Although ASIC expects participants to consider the risks in procuring technology, ASIC believes that participants may not always consider “broader risks of disruption to the fair and orderly operation of Australia’s financial markets” should a vendor fail to deliver ongoing services to the participant.
ASIC considers that imposing AFS licensing requirements on vendors of “sufficient scale” would limit the likelihood of a system outage or malfunction adversely affecting the “fair and orderly operation” of Australia’s financial markets. By requiring vendors to hold an AFS licence, ASIC submits that they would need to have an adequate risk management system under the Corporations Act 2001 (Cth). Additionally, ASIC could also require such vendors to meet minimum business continuity and IT infrastructure requirements.
Further, ASIC foresees that an AFS licensing regime applied to vendors could permit ASIC to identify vendors of sufficient scale with the capacity to affect the market’s fair and orderly operation and require market participants and operators that outsource material business activities to such vendors to ensure that they put in place appropriate due diligence, approval, and ongoing monitoring and risk management policies and procedures to manage the vendors’ provision of services to the market participants.
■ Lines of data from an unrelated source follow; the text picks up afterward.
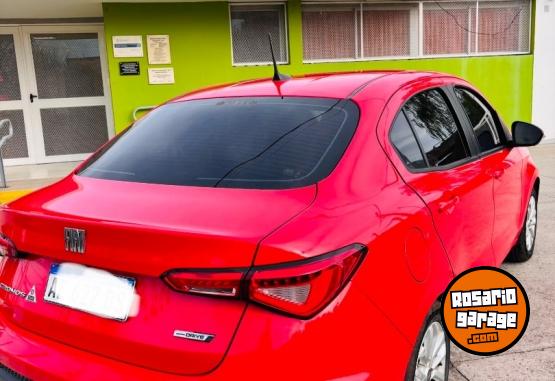 Autos - Fiat Drive 2021 GNC 120000Km - En Venta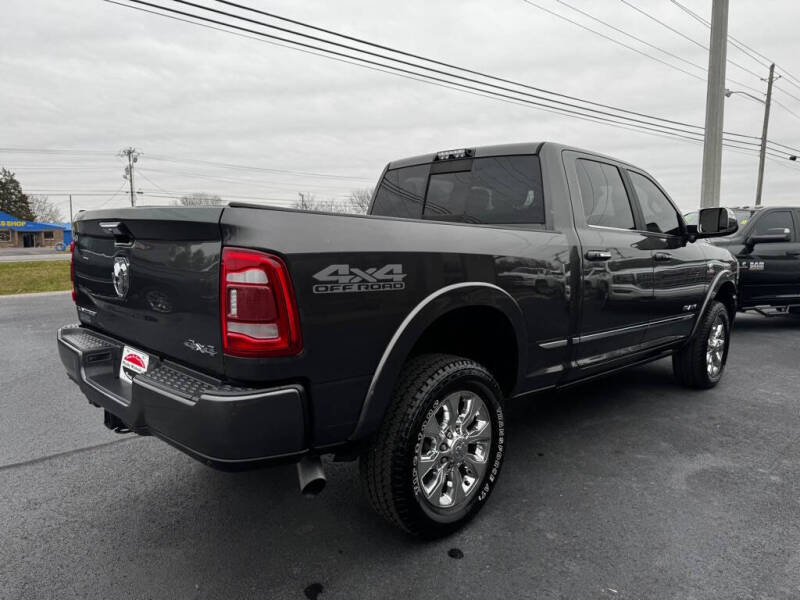 2019 RAM 2500 Limited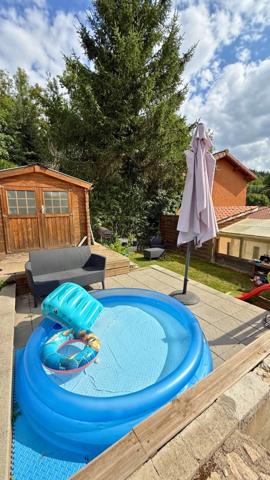 Maison à vendre 4 pièces SAINT PAUL EN CORNILLON (42)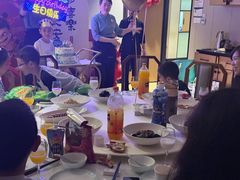 -绿杨春·淮扬宴(庐山路店)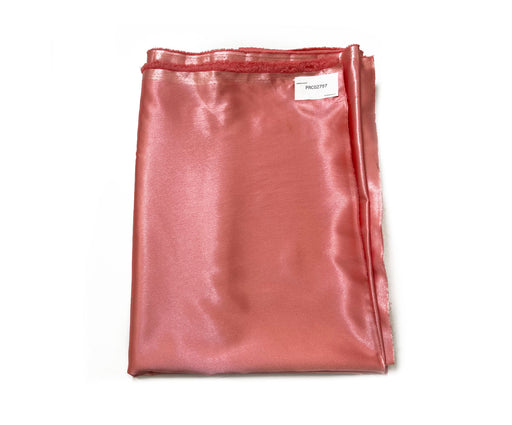 2,8 METRE SATEN KUMAŞ - PEMBE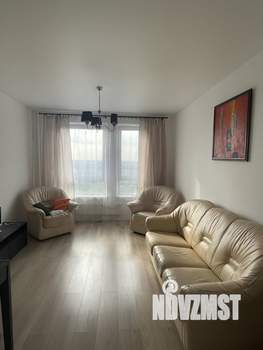 1-к квартира, на длительный срок, 44м2, 17/26 этаж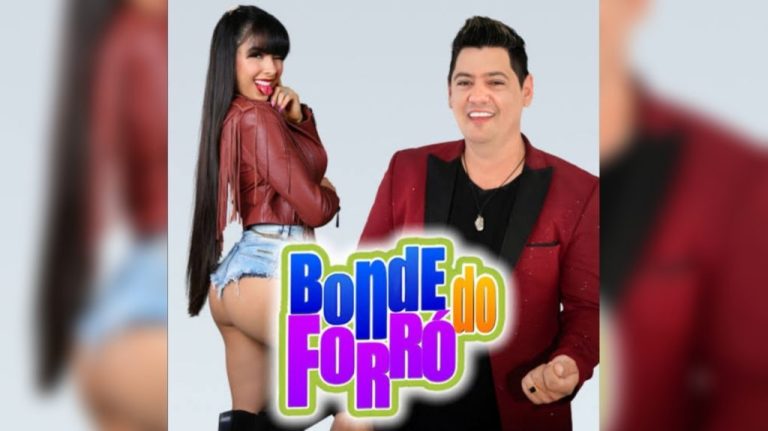 DE VOLTA EM CATALÃO, BONDE DO FORRÓ FAZ SHOW NO FOGÃO DE LENHA SHOW NO DIA 16 DE DEZEMBRO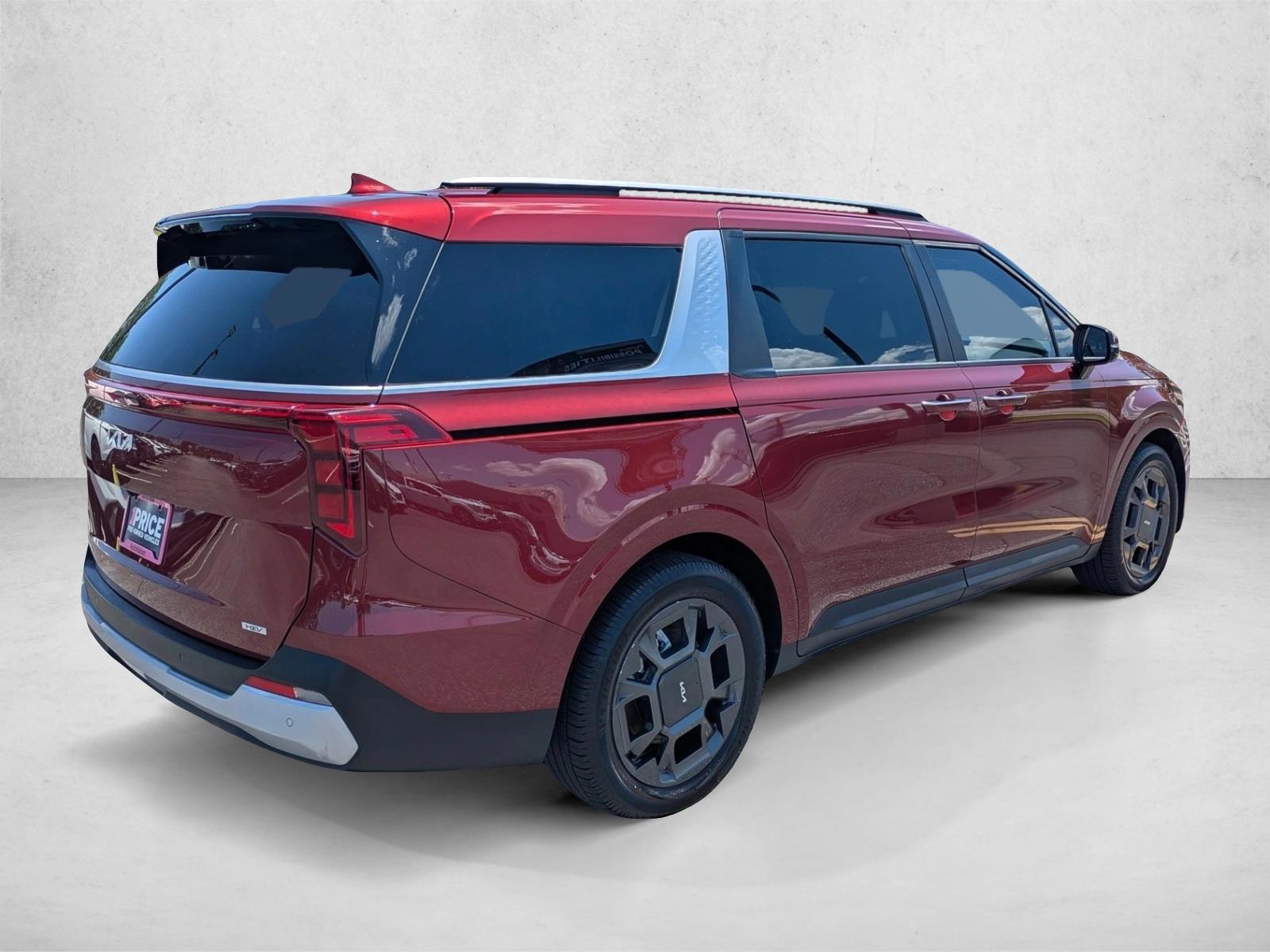 2025 Kia Carnival Hybrid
Submissions to the Inquiry closed on 26 August 2014. It may be some time before the Inquiry’s panel (chaired by Mr David Murray AO) reports to the Commonwealth Government and even longer before the Government acts on the Inquiry’s recommendations. Nonetheless, ASIC’s submission raises the prospect that both customers for and vendors of technology goods and services in Australia’s financial industry may be required to comply with additional regulatory requirements in the foreseeable future.